The U.S. Bureau of Labor Statistics (BLS) reported on Friday that the U.S. economy added 80,000 jobs in June, leaving the jobless rate unchanged at 8.2%, disappointing analysts and driving the stock market downward even though the data showed that all of the new jobs came from the private sector.
In June, the number of long-term unemployed, meaning those jobless for 27 weeks or longer, was unchanged at 5.4 million, accounting for 41.9% of the unemployed, the BLS reported. The change in payroll employment for May was revised up to 77,000 new jobs from the originally reported 69,000. According to the BLS data, private companies accounted for all of the employment growth, adding 84,000 jobs. Governments, on the other hand, lost a total of 4,000 positions, with the federal work force cutting 7,000 jobs.
Ian Shepherdson, chief U.S. economist for High Frequency Economics Ltd., in Valhalla, N.Y., said in an analyst note that some positive news could be found in June’s temp hiring number, up 25,000, the best since February, as well as the rebound in aggregate hours, up 0.4%.

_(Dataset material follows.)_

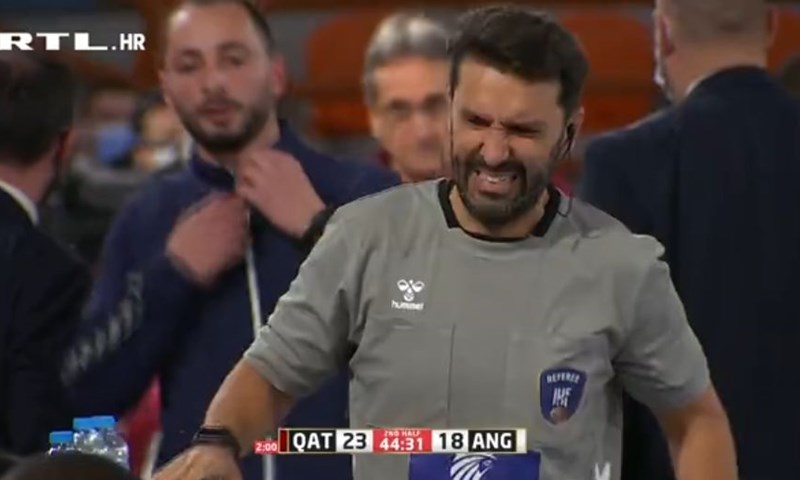 [VIDEO] Zbog ozljede suca morala uskočiti zamjena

Yet Shepherdson said the BLS report was an overall letdown.
“The sluggishness of headline payrolls will attract most of the attention,” Shepherdson wrote, “and the pressure on the Fed to take more action will be incrementally ratcheted up. We are inclined still to think that significantly better news is in the pipeline but there can be no question this report is disappointing.”
The U.S. stock markets were lower in afternoon trading, with three major indexes off around 1%.
While economists’ consensus was for 100,000 new jobs, Trim Tabs Investment Research was closer to the mark, having predicted the addition of just 75,000 jobs in June.